EXERCISE → Starting with the line with "IA license plate AUP050" in the entries below and going on through the line with "TTB545 Alabama License Plate", output every line exactly and nothing more. No pictures.

GIVEN INFORMATION →

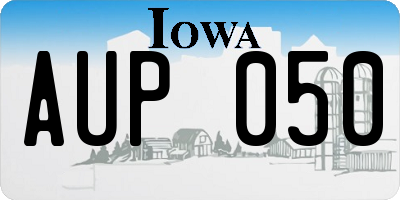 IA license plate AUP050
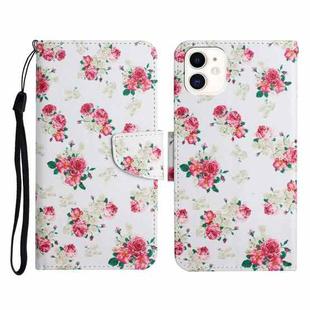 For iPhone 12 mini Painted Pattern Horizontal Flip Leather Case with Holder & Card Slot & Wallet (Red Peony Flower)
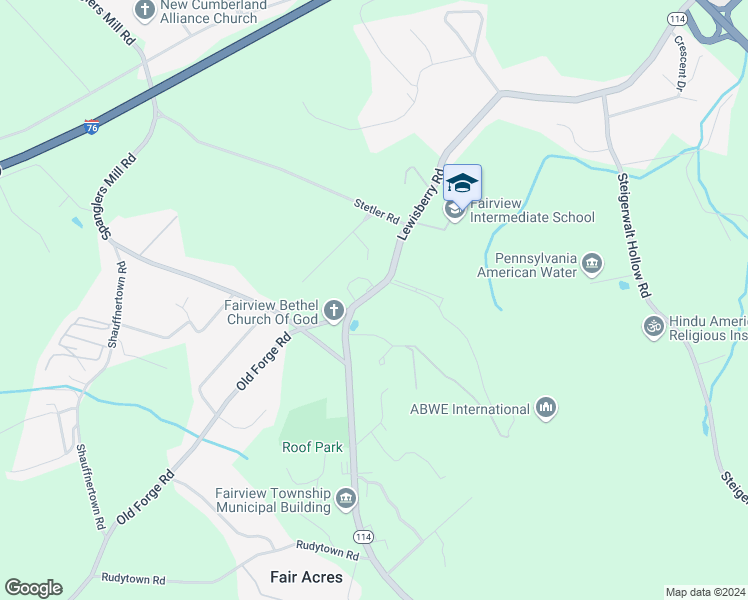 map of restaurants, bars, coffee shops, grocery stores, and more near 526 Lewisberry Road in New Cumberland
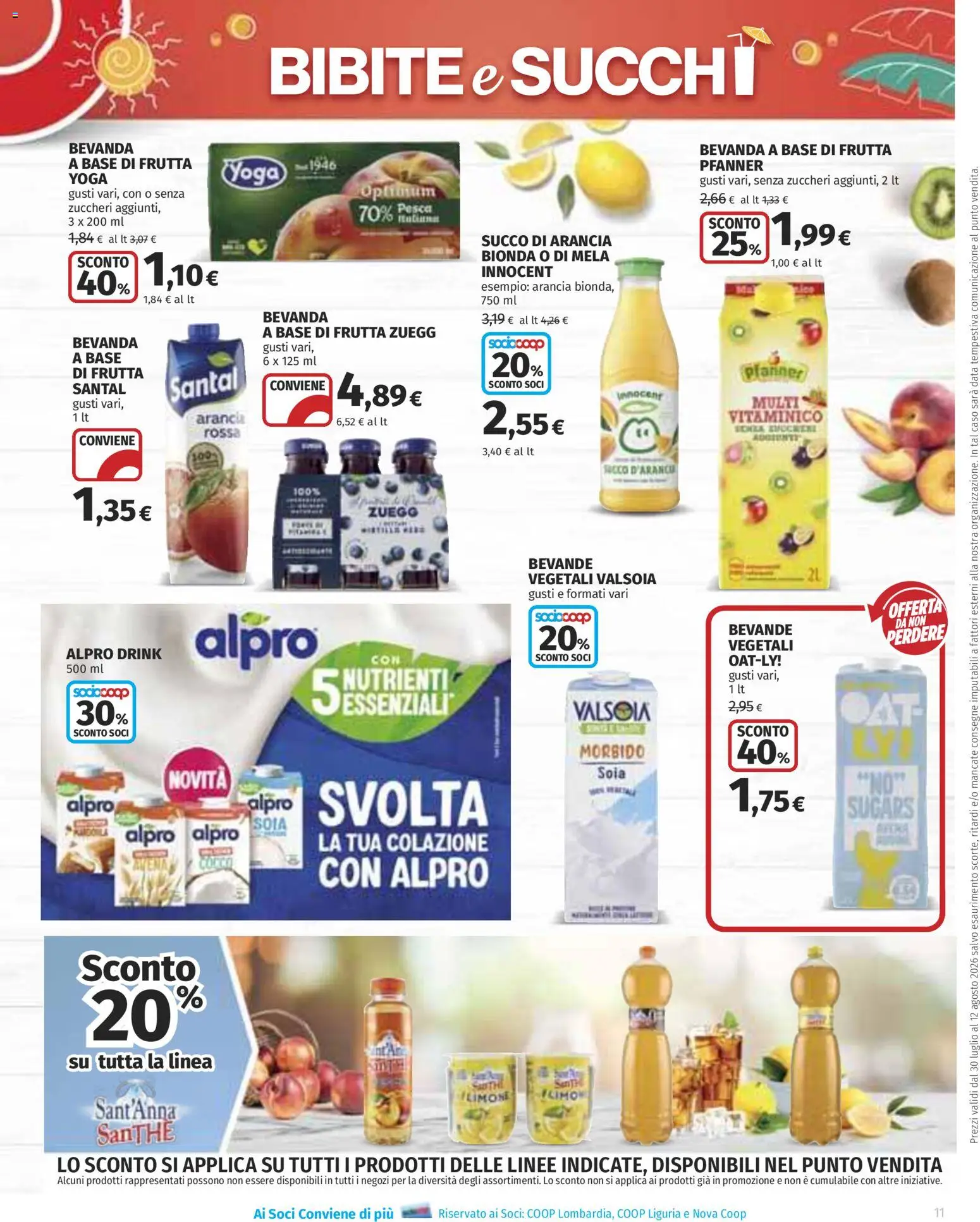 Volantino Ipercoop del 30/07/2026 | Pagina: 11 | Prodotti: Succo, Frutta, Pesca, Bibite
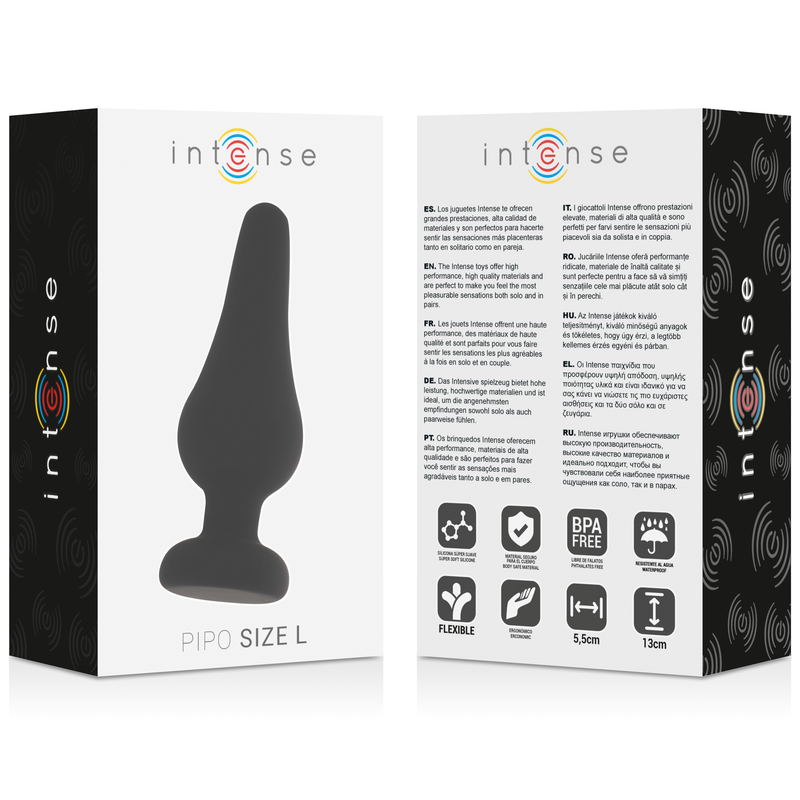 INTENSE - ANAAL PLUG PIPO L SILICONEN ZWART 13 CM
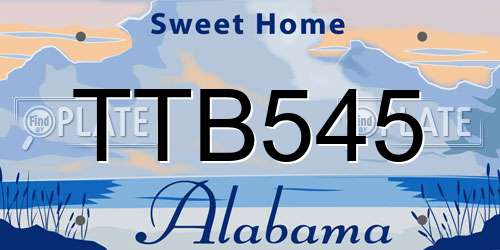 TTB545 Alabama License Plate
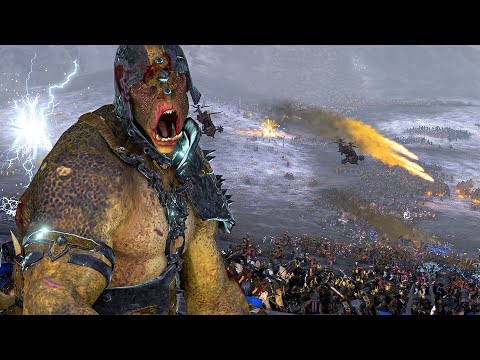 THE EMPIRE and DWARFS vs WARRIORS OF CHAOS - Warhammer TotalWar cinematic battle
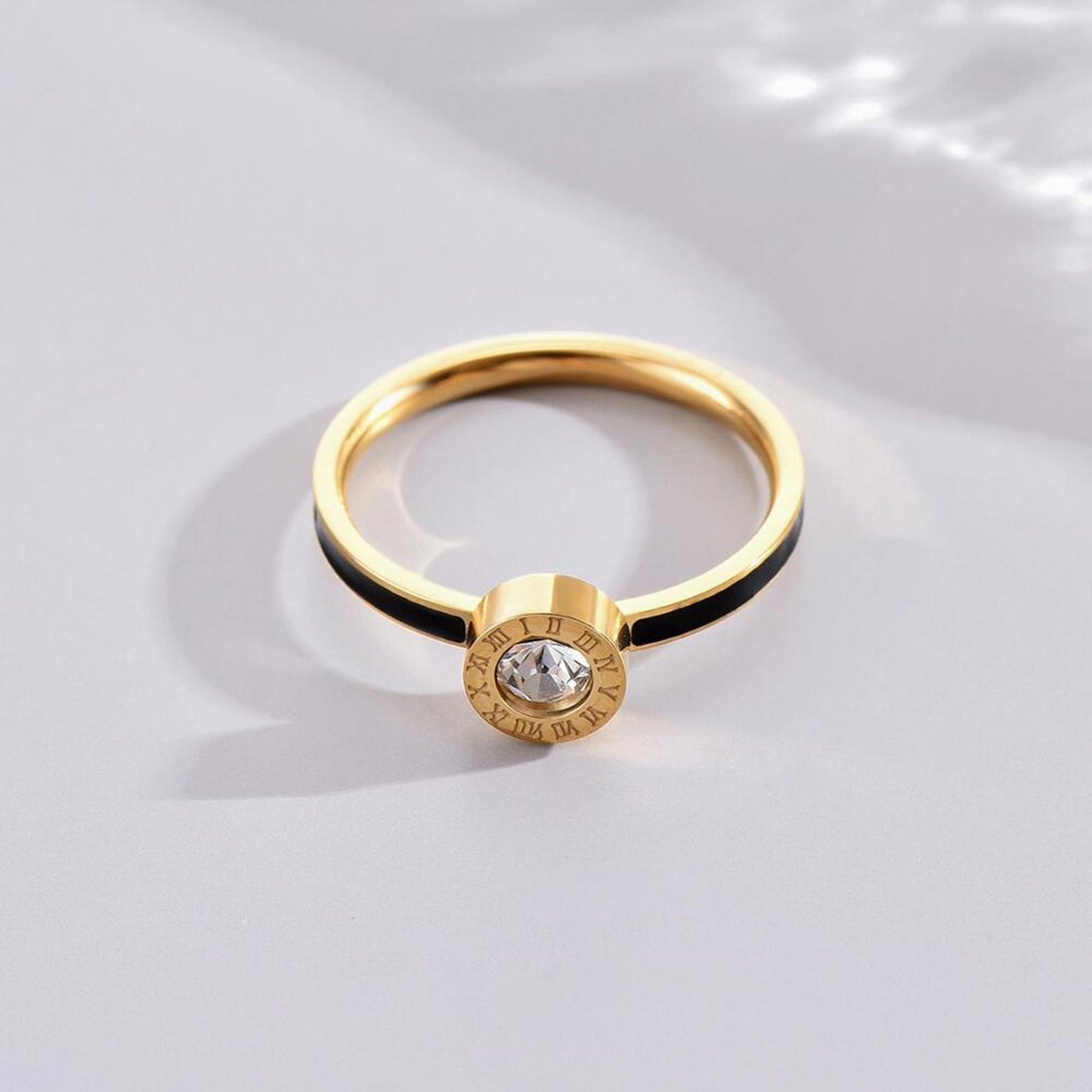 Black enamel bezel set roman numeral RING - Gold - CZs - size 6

--

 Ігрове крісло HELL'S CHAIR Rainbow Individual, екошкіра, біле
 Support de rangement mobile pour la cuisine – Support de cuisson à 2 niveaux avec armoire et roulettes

RESULT FOR THIS TASK →
 IA license plate AUP050
 For iPhone 12 mini Painted Pattern Horizontal Flip Leather Case with Holder & Card Slot & Wallet (Red Peony Flower)
 map of restaurants, bars, coffee shops, grocery stores, and more near 526 Lewisberry Road in New Cumberland
 Volantino Ipercoop del 30/07/2026 | Pagina: 11 | Prodotti: Succo, Frutta, Pesca, Bibite
 INTENSE - ANAAL PLUG PIPO L SILICONEN ZWART 13 CM
 TTB545 Alabama License Plate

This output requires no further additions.